Critic’s Rating : 0.5 Star.
Cast: Om Puri, Annu Kapoor, Seema Biswas, Satish Kaushik, Adil Hussain, Aamir Bashir
Direction: Ranjit Kapoor, Bikramjit Singh Bhullar
From the dialogue writer of Jaane Bhi Do Yaaron and a cast of veteran performers who have been a part of remarkable Hindi films (from epoch-making to critically acclaimed to commercially successful) comes a political satire so vapid that the censor-board controversy over the cusswords pales in comparison to the larger picture..

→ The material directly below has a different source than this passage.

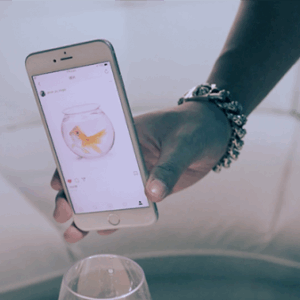 SansMinds – The Instagram Project ( Instant Download )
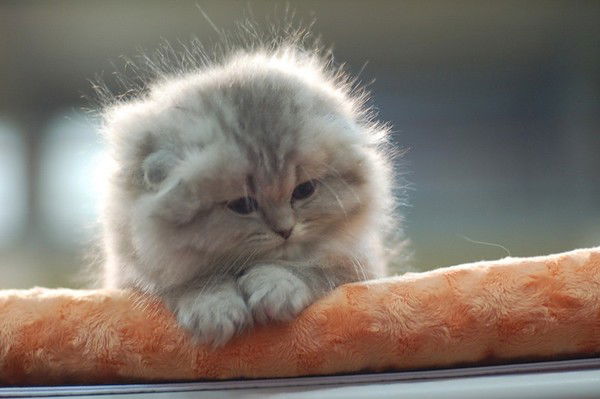 Анастасия Лещенко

The film opens on the Rajasthan border where the barbed wire fence divides India and Pakistan. Soldiers on both sides trade bullets and expletives with minimum provocation, if you can even buy into the idea that unevenly swaggering, pot-bellied actors can pull off the parts. Major Virendra Rana (Mukesh Tiwari) heads the regiment of the slovenly Indian armymen when he notices a hen strutting along “no man’s land”.
He and his Pakistani counterpart Major AO Abbas (Ashwin Chaddha) are determined to lure the fowl to their side of the border. It is little more than a petty ego tussle but escalates into a border feud, fuelled by the reportage of the over-enthusiastic press and leads to a bunch of apathetic politicos forming a committee.
This assorted group consisting of former Supreme Court Judge Ramalingam (Annu Kapoor), Finance Minister Pandeyji (Om Puri) and other parodies of contemporary politicians (and communal stereotypes) form a highly unproductive commission. Their conversations revolve around trivialities, which are less amusing and more frustrating to endure for the audience. This is a shame, because we have a good cast here and Annu Kapoor’s rambling Southern-accented speech during the commencement is pure genius. However, it is all downhill from there.
A prolonged discussion in the second half is mainly about the difference between coughing and laughing. Mahatma Gandhi’s portrait in the same room has varying expressions of shock and incredulity, depending on the turn the deliberation takes. (Essentially, Bapu mirrors what we have been feeling inside all along). The drama at the border, featuring a stranded soldier, the still-strutting hen and loud, ranting pre-Partition melodrama, does not ameliorate the fast-descending boredom.
Lampooning the press and using “Saving Private Hen” as a leading title for breaking news on television does not count as humour. It is all much ado about a bird, when an idle thought comes to mind. What if the hen is a metaphor for Kashmir? But judging by the dreadful execution of nearly every scene combined with the juvenility of the dialogue and the situations points to a ‘no’. There was an intelligent, profound, hard-hitting satire in here somewhere, but it devolved into something that was more suited for a school play.
The film’s greatest asset is that its running time is a little over 90 minutes. Its worst? That it was made with such callow sensibilities. Jai Ho! Democracy is not an improvement on either Kya Dilli Kya Lahore or War Chhod Na Yaar. Skip it since there is little to cheer for here, ironically or otherwise.